Exercise aim: Among the entries below, find each line holding "tutorial" and return it.

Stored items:
BEGIN
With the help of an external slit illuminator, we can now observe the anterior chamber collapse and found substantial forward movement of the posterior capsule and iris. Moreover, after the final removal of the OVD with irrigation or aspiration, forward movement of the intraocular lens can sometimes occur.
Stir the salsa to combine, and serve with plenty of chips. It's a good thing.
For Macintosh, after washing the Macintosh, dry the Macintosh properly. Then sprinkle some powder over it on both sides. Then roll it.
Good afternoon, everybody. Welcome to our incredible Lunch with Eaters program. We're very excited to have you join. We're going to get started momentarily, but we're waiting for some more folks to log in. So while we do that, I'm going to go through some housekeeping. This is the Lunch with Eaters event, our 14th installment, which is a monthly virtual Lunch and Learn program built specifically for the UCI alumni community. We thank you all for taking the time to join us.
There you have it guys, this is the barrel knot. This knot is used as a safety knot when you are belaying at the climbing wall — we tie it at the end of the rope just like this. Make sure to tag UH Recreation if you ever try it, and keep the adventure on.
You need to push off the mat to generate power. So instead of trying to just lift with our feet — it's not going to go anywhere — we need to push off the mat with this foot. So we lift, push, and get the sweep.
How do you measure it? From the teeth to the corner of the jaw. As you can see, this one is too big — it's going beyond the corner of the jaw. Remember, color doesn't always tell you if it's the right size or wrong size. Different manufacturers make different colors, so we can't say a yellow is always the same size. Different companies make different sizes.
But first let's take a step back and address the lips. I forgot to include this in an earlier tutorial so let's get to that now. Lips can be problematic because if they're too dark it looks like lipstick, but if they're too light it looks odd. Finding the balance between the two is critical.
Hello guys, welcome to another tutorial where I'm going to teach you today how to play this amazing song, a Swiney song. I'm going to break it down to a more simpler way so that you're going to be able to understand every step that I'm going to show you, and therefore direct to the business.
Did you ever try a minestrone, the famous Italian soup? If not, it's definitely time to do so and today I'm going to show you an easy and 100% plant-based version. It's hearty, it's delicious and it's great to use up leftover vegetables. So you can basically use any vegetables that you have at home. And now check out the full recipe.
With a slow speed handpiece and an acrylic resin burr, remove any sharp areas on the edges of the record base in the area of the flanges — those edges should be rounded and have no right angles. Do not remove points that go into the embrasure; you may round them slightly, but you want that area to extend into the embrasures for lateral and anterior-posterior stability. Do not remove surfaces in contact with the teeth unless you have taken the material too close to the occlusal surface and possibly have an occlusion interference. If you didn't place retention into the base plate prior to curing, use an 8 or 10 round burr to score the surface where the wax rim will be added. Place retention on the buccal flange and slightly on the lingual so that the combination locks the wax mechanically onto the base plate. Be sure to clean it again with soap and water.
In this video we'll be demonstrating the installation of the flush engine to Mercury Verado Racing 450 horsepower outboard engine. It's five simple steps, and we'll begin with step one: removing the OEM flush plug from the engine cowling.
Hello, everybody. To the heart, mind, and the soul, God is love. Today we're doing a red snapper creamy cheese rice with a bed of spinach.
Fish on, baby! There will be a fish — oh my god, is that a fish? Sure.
END
Exercise response:
But first let's take a step back and address the lips. I forgot to include this in an earlier tutorial so let's get to that now. Lips can be problematic because if they're too dark it looks like lipstick, but if they're too light it looks odd. Finding the balance between the two is critical.
Hello guys, welcome to another tutorial where I'm going to teach you today how to play this amazing song, a Swiney song. I'm going to break it down to a more simpler way so that you're going to be able to understand every step that I'm going to show you, and therefore direct to the business.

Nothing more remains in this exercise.